Still using Tencent Cloud as an example, the cloud-native database TDSQL-C MySQL edition is superior to the traditional cloud database MySQL in a number of ways, so let's compare.

Characteristics/capabilities Cloud Database MySQL Disadvantages Advantages of TDSQL-C MySQL Edition
Data storage limit Limited by a single physical machine Distributed storage up to 400TB in a single instance
Upgrades and extensions Specification upgrades, adding read-only instances are time-consuming Compute nodes are stateless, with seconds to ramp up, switch, and add read-only nodes
data consistency High cost of achieving strong data consistency Strong three-copy consistency at the data block level
data synchronization Binlog-based Data Synchronization, Master-Backup Latency Issues Master-slave synchronization based on redo, with slave latency down to the ms level
write performance Full log and data page updates cause write performance bottlenecks Write-only redo, lightweight writes, higher write performance (140%)
Disk Expansion - Disk expansion is business-agnostic and business-neutral
Backup/archive rate Slow archiving and longer data recovery times GB/sec backup/recovery rate to solve the problem of slow backups and slow recoveries
computing resource - Serverless capable

Cloud-native databases represent the future trend of database technology, which are designed for cloud computing environments and have features that traditional databases do not have. These databases take full advantage of the elasticity, scalability, and automated operation and maintenance capabilities of cloud platforms, and are able to quickly adapt to changes in business requirements and achieve optimal allocation of resources.

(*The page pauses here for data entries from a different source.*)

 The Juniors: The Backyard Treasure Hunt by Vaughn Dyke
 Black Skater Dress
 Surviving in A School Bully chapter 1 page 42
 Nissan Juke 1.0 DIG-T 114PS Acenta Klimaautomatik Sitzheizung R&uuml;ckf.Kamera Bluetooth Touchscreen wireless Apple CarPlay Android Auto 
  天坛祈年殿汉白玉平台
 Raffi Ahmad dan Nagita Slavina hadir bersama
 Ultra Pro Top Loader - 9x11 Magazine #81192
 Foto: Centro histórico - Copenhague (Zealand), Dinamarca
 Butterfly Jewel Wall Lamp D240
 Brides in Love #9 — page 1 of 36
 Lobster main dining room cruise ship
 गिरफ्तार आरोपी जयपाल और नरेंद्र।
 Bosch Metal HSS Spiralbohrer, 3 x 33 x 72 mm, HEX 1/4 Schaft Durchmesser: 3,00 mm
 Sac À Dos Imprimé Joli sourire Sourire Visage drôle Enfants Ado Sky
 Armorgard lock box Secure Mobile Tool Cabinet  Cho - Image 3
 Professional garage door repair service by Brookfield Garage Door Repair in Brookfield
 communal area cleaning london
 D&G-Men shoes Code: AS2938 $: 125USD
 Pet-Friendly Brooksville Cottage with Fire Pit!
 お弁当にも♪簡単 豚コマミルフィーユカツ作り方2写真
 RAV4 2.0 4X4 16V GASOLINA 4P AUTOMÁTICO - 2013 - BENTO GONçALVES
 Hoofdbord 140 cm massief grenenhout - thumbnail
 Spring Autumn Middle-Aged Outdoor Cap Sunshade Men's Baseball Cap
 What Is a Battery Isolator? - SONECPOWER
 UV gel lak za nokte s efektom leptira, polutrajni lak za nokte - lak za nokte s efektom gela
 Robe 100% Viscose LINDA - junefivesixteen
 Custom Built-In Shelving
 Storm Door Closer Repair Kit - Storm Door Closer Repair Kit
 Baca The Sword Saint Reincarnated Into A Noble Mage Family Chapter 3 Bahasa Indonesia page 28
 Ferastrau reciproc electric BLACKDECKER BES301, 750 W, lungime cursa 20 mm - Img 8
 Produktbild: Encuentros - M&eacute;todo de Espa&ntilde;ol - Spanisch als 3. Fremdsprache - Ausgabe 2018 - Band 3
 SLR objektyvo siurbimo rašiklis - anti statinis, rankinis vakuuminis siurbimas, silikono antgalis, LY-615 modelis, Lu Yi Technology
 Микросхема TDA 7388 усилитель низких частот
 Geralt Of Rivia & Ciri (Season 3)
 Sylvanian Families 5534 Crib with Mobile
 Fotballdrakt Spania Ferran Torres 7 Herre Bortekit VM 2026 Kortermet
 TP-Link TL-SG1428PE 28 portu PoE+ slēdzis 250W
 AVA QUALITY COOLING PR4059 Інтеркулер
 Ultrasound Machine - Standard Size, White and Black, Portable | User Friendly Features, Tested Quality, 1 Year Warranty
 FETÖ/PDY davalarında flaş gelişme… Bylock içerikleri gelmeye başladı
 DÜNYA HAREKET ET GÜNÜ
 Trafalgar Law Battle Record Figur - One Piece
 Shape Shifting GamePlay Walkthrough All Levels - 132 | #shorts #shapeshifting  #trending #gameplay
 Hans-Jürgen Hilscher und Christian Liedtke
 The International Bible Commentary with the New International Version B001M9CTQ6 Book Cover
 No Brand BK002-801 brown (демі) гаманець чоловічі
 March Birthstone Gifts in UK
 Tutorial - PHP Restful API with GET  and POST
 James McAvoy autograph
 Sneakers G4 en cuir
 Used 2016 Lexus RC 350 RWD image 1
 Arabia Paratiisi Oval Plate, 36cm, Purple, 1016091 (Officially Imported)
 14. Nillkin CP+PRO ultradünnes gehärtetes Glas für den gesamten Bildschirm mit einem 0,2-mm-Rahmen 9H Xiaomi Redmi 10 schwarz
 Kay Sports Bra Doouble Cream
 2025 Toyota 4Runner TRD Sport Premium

These advantages of cloud-native databases become especially important as enterprise digital transformation accelerates. They support microservice architectures, containerized deployments, and DevOps practices, making application development and operations more efficient and agile. In addition, the high availability and disaster recovery capabilities of cloud-native databases ensure enterprise data security and business continuity. As a result, cloud-native databases not only meet current technological needs, but also lay the foundation for future technological development, becoming a key force in driving enterprise innovation and growth.

summarize

Against the backdrop of evolving data technologies, the rise of cloud databases and the popularity of cloud-native databases mark a significant change in database technology. From the initial self-built database model to today's cloud-native databases, organizations have become richer and more flexible in their data management choices. Cloud database is not just a migration of traditional database technology, but also a comprehensive upgrade and optimization of it.

In retrospect, although the traditional self-built database model provides enterprises with great flexibility and control, its high hardware investment, complex maintenance work and expansion difficulties make many enterprises have to face many challenges. Especially in the face of rapid business growth and data processing needs to dramatically increase the situation, the traditional model is stretched to the limit. The emergence of cloud databases is timely, with its superior automated management, elasticity of expansion and cost-effectiveness, providing a more efficient solution for enterprises.

With the further development of cloud technology, cloud-native databases, as a new generation of database systems in the cloud computing environment, show more excellent performance and adaptability. They not only show a high level of intelligence in resource management and scheduling, but also far exceed traditional databases in terms of data processing flexibility and scalability. Tencent Cloud TDSQL, for example, has advantages in elastic expansion, data consistency and performance optimization, which enable enterprises to handle large-scale data with ease, greatly enhancing business continuity and stability.

In the face of increasingly complex business requirements and technical challenges, the advantages of cloud-native databases are becoming more and more prominent. They not only effectively respond to the high load and diverse demands of modern data processing, but also provide strong support for enterprise digital transformation. From business agility to operational efficiency, from data security to cost control, cloud-native databases excel in every aspect.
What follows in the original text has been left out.